Work item:
Your answer must consist solely of the lines from the one containing "PawHut Foldable Pet" through the last line of the records below, reproduced exactly, with all pictures omitted.

Short descriptive text snippets:
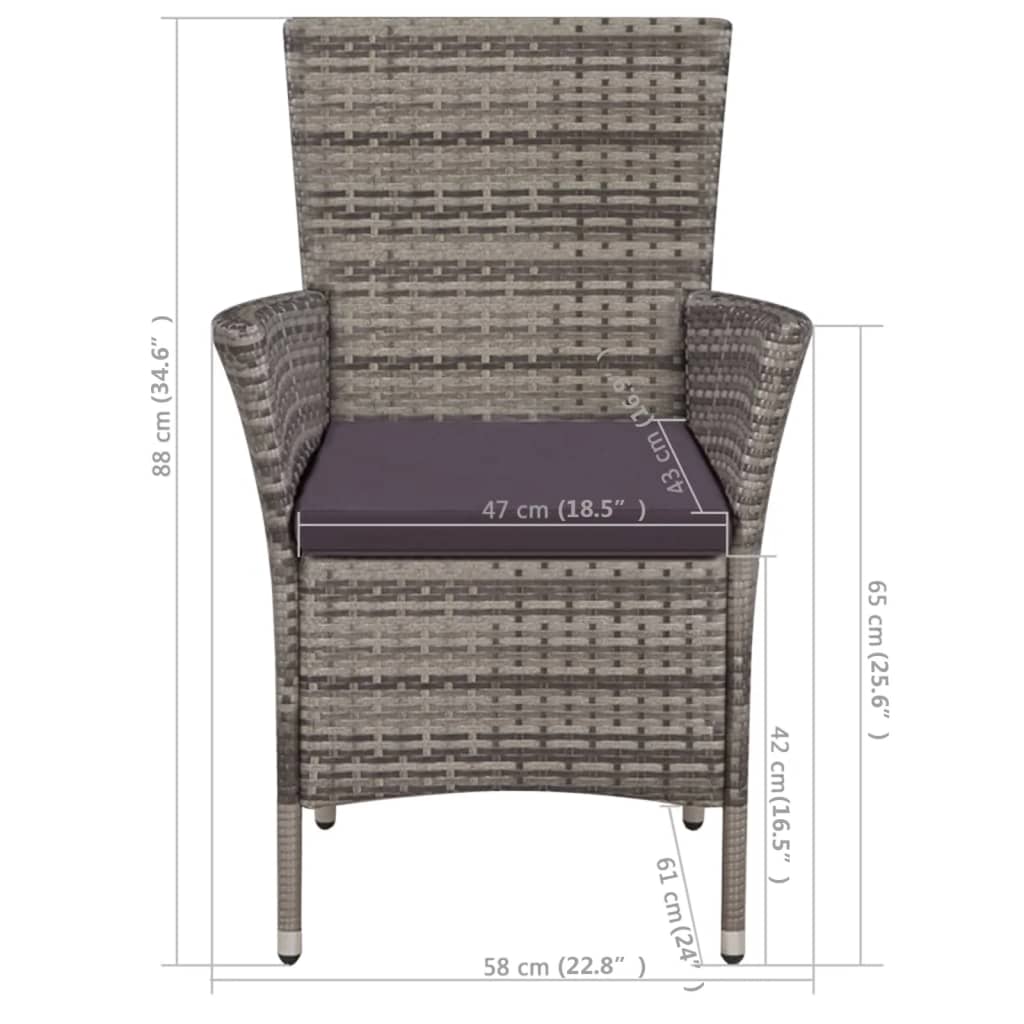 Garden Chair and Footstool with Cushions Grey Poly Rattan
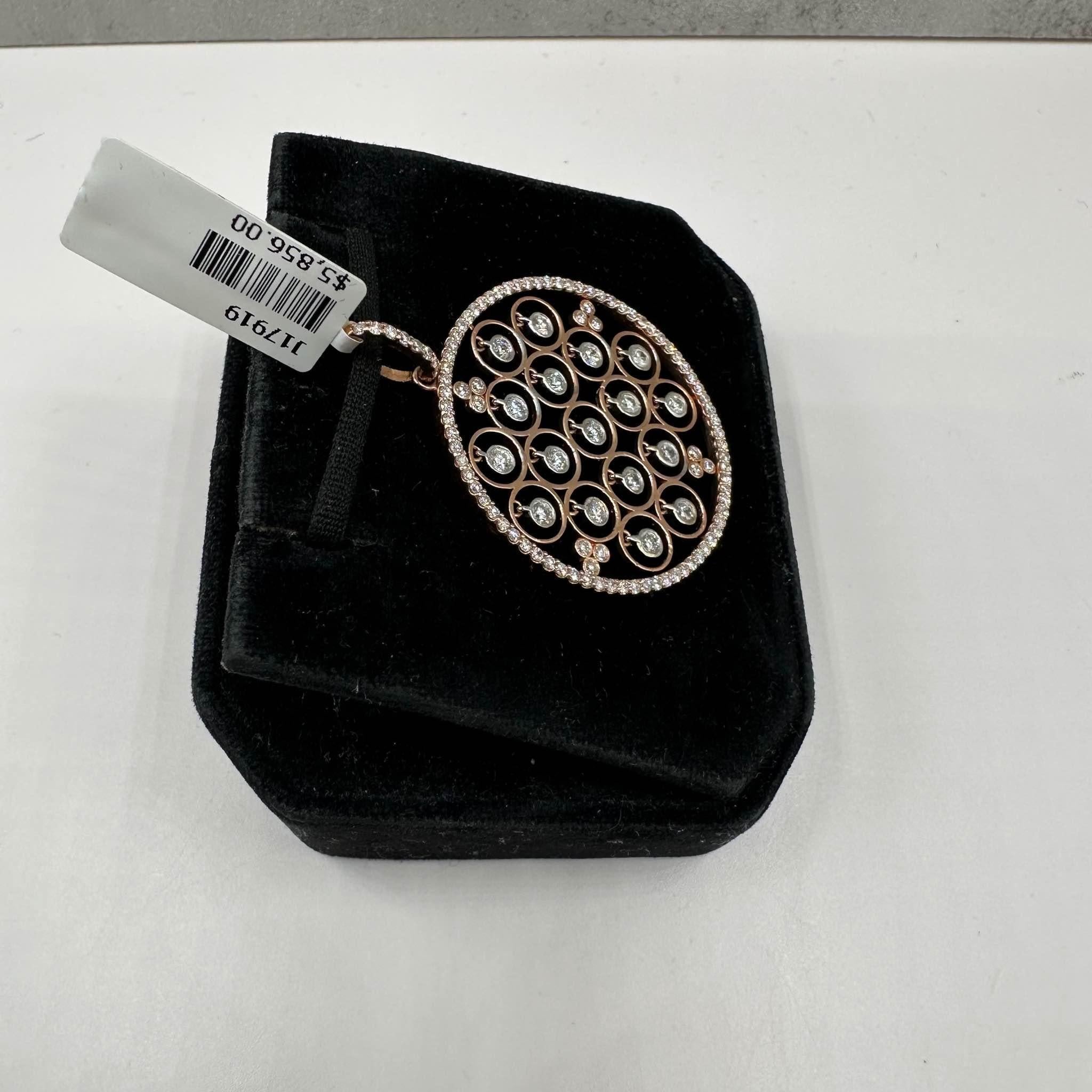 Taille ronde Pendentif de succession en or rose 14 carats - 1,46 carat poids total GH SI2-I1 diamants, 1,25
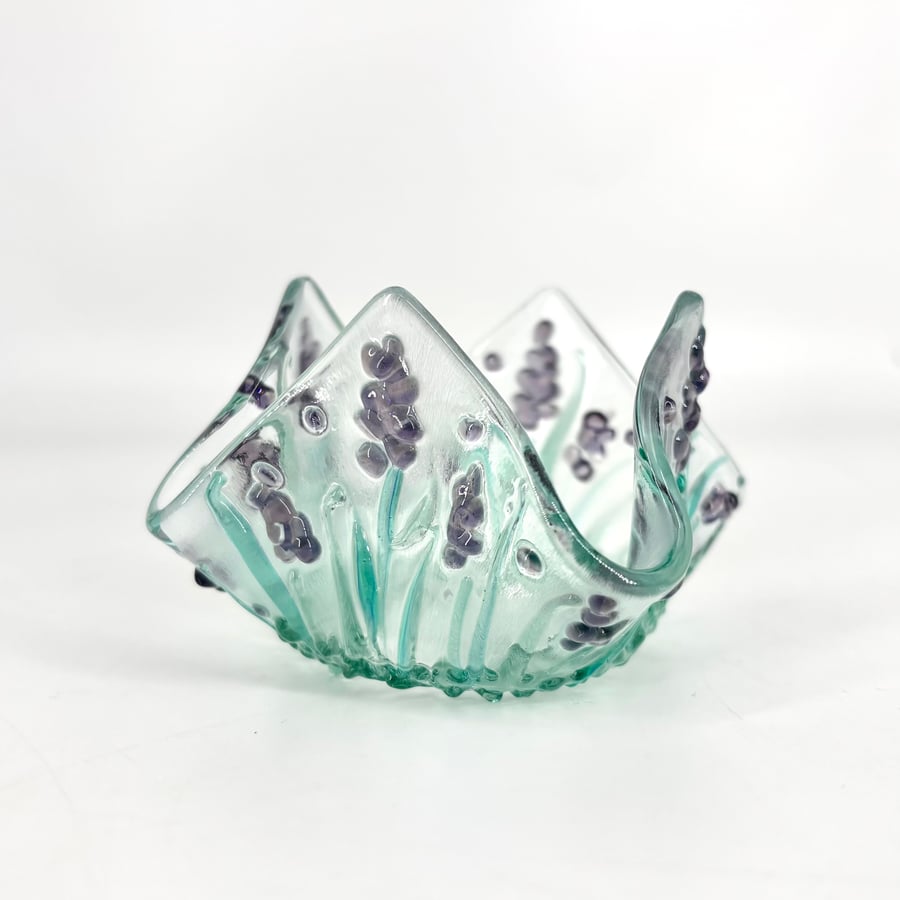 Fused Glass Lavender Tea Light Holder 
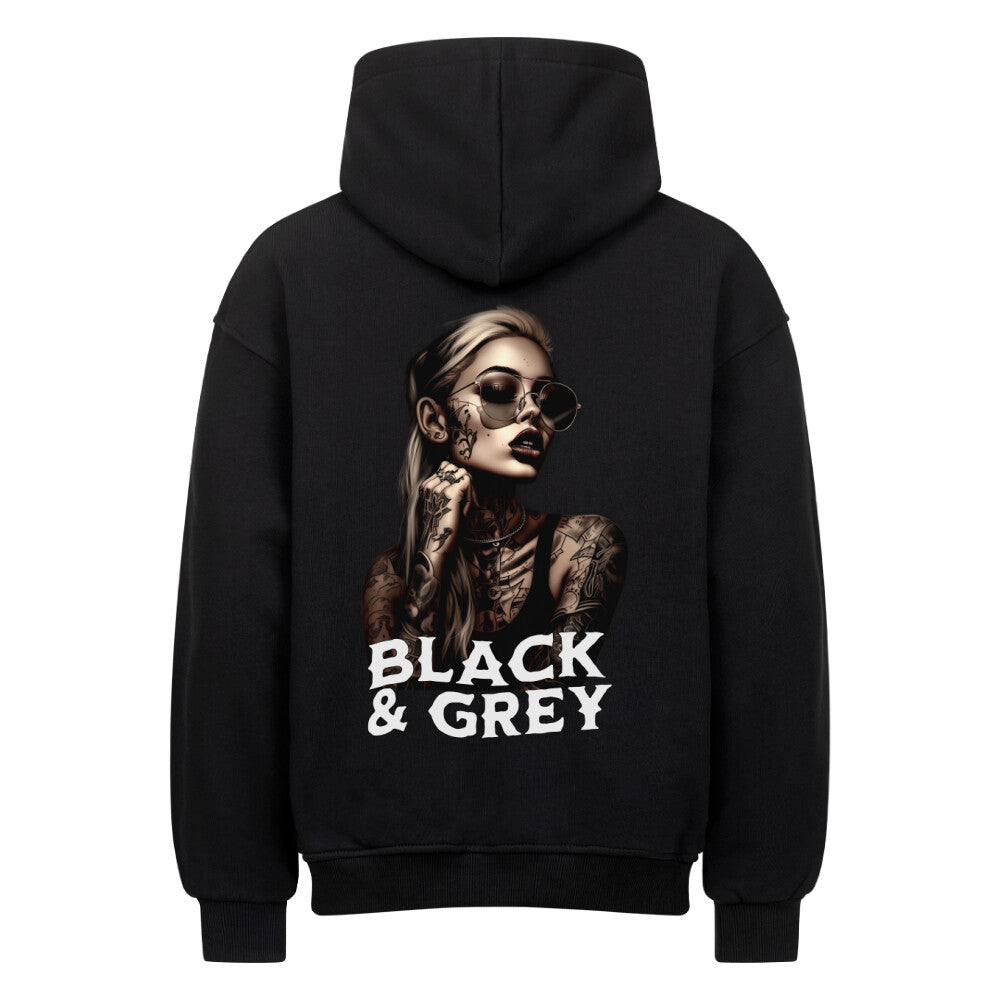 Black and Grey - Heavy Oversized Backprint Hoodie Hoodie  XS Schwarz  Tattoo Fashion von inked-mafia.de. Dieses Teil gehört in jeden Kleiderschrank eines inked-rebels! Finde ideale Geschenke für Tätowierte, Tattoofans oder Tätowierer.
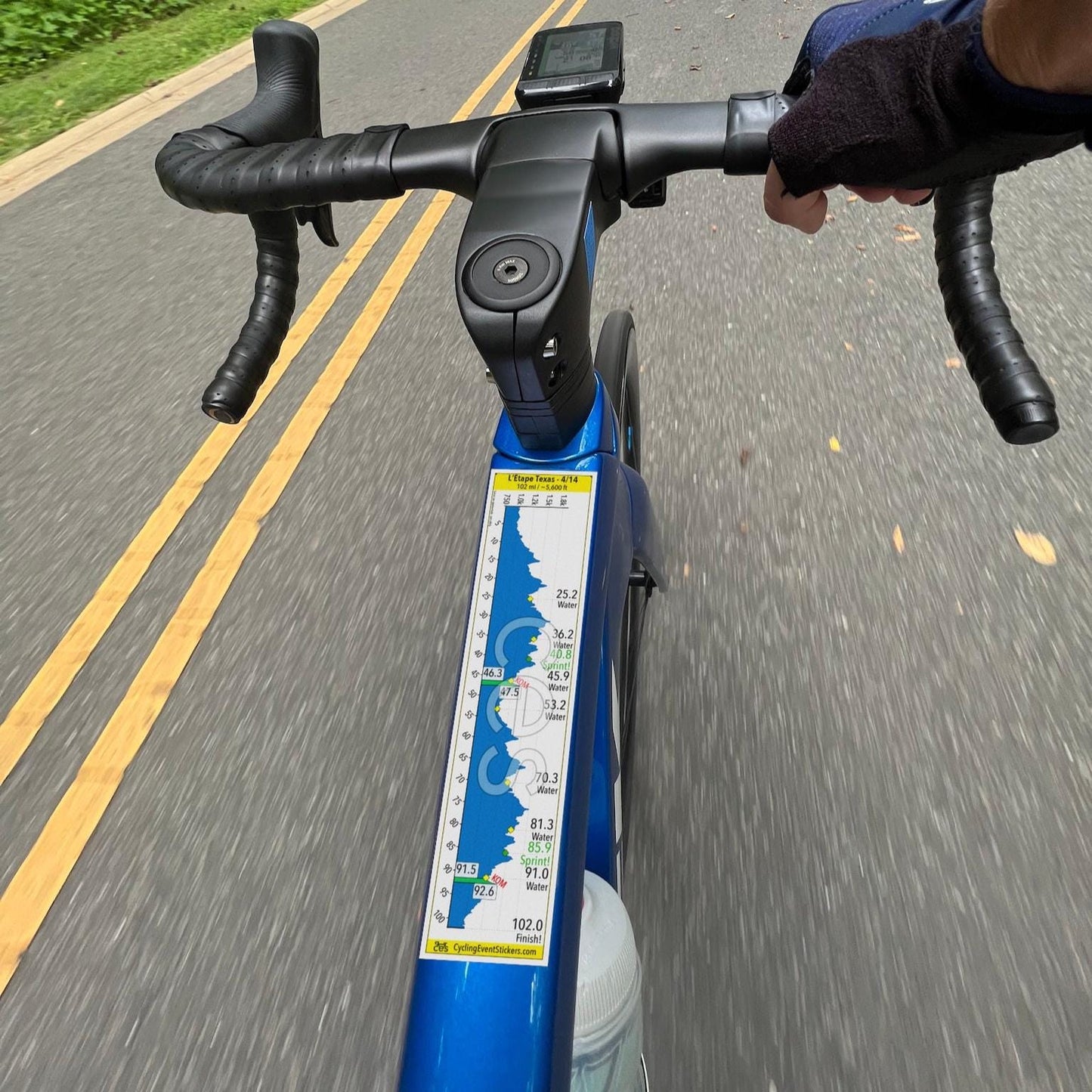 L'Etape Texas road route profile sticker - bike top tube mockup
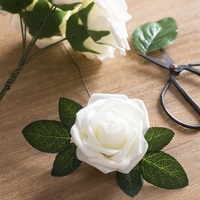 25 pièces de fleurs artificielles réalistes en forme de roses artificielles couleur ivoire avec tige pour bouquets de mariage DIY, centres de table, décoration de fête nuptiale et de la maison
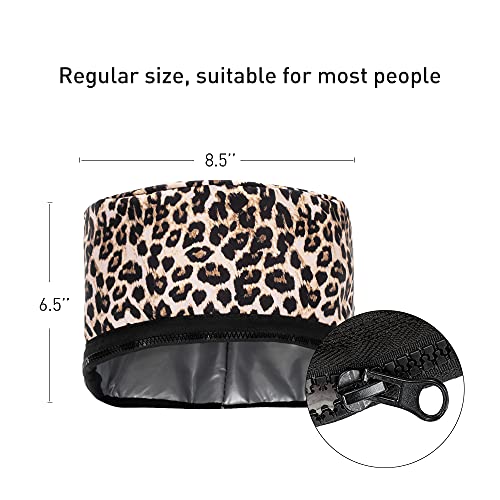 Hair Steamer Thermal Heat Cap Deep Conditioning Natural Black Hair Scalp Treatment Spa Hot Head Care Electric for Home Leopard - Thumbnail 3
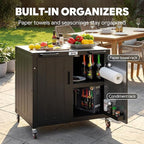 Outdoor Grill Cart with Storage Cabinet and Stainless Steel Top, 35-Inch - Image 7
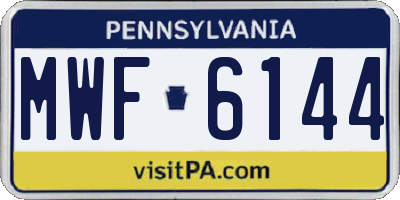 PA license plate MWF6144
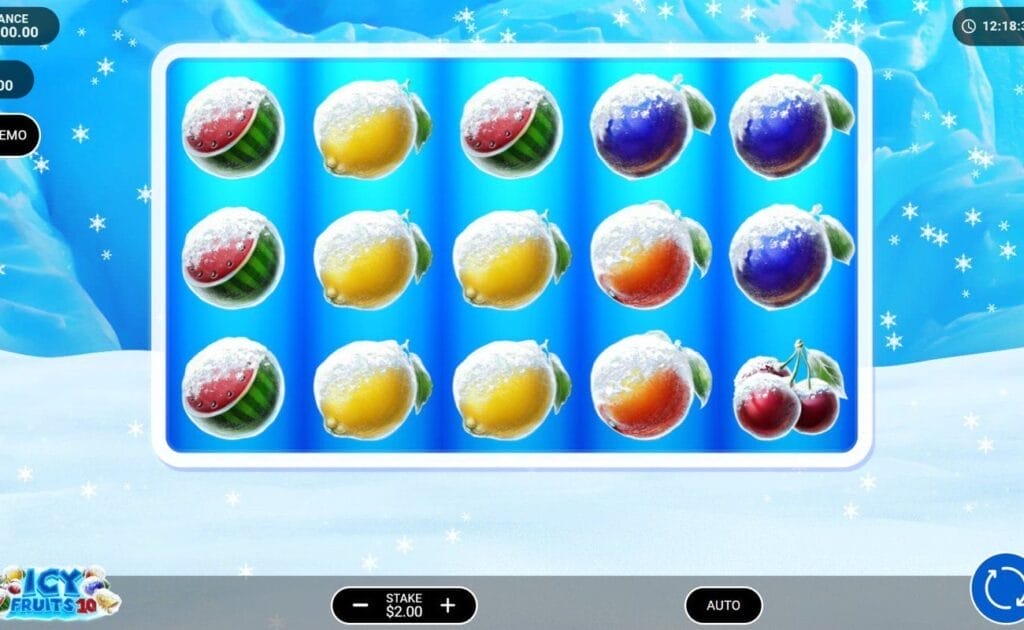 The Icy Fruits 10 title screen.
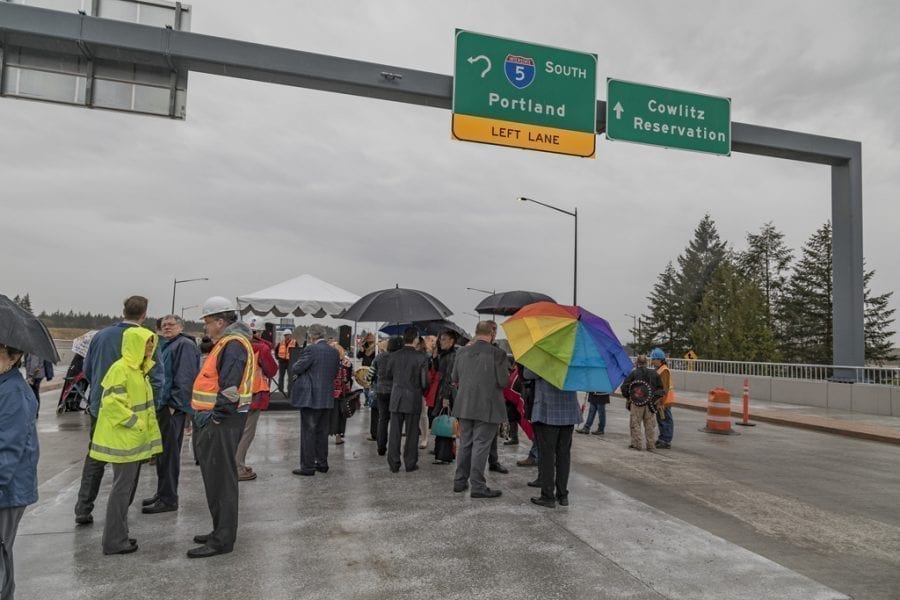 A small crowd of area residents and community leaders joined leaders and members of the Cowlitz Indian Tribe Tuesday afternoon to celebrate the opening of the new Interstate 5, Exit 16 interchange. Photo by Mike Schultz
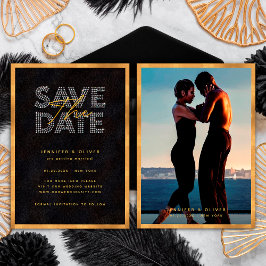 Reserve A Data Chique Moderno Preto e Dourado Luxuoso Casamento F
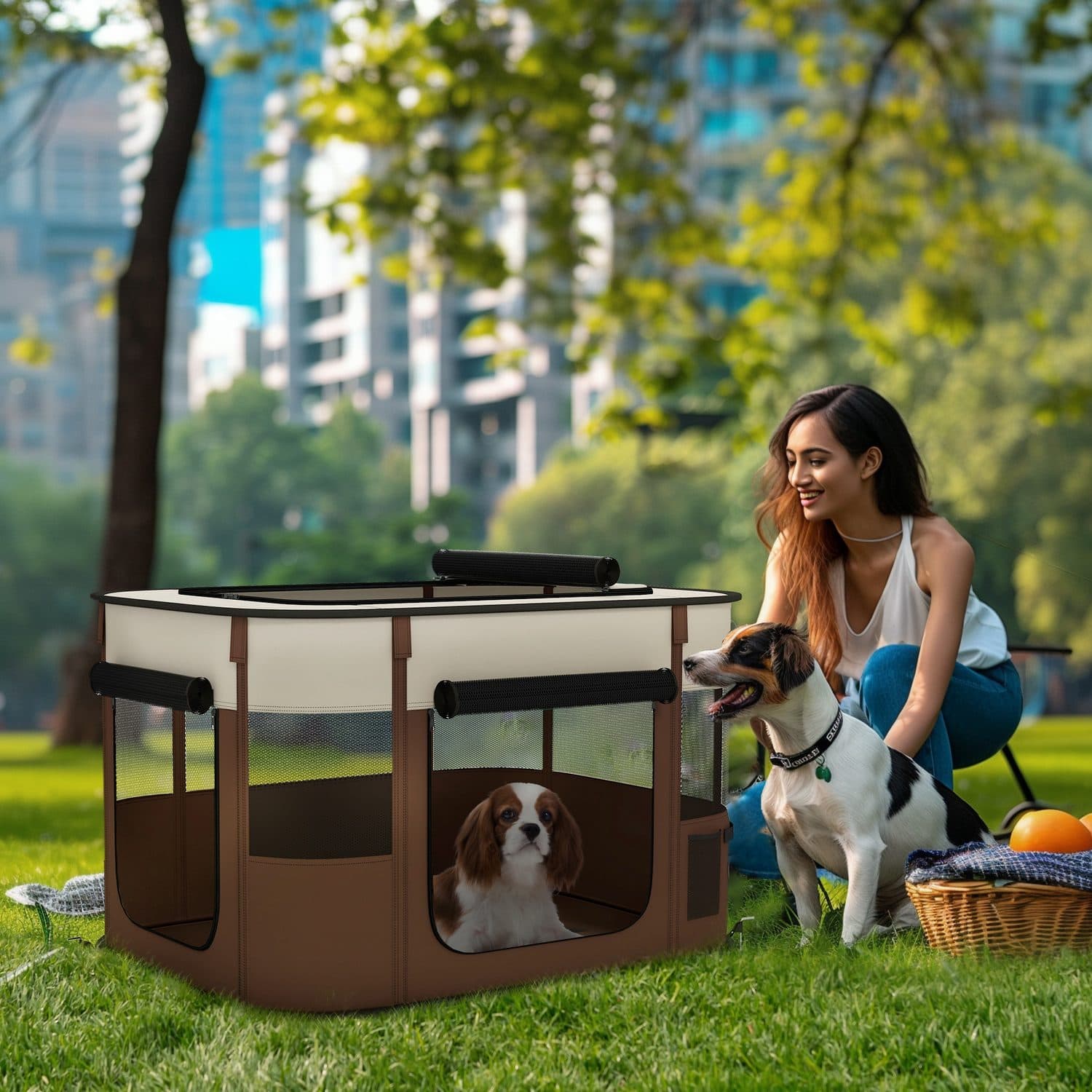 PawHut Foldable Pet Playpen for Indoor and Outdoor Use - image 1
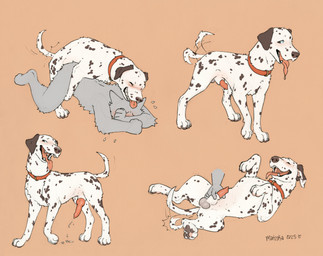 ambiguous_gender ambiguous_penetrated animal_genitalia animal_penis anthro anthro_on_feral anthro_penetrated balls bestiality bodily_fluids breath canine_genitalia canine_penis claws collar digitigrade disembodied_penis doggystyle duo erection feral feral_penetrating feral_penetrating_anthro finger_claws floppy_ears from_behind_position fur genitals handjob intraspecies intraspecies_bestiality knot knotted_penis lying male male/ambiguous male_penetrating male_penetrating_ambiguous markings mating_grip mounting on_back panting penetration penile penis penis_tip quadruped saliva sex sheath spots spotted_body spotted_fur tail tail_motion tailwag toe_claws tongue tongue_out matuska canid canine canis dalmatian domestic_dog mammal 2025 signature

Written solution:
 PawHut Foldable Pet Playpen for Indoor and Outdoor Use - image 1
 ambiguous_gender ambiguous_penetrated animal_genitalia animal_penis anthro anthro_on_feral anthro_penetrated balls bestiality bodily_fluids breath canine_genitalia canine_penis claws collar digitigrade disembodied_penis doggystyle duo erection feral feral_penetrating feral_penetrating_anthro finger_claws floppy_ears from_behind_position fur genitals handjob intraspecies intraspecies_bestiality knot knotted_penis lying male male/ambiguous male_penetrating male_penetrating_ambiguous markings mating_grip mounting on_back panting penetration penile penis penis_tip quadruped saliva sex sheath spots spotted_body spotted_fur tail tail_motion tailwag toe_claws tongue tongue_out matuska canid canine canis dalmatian domestic_dog mammal 2025 signature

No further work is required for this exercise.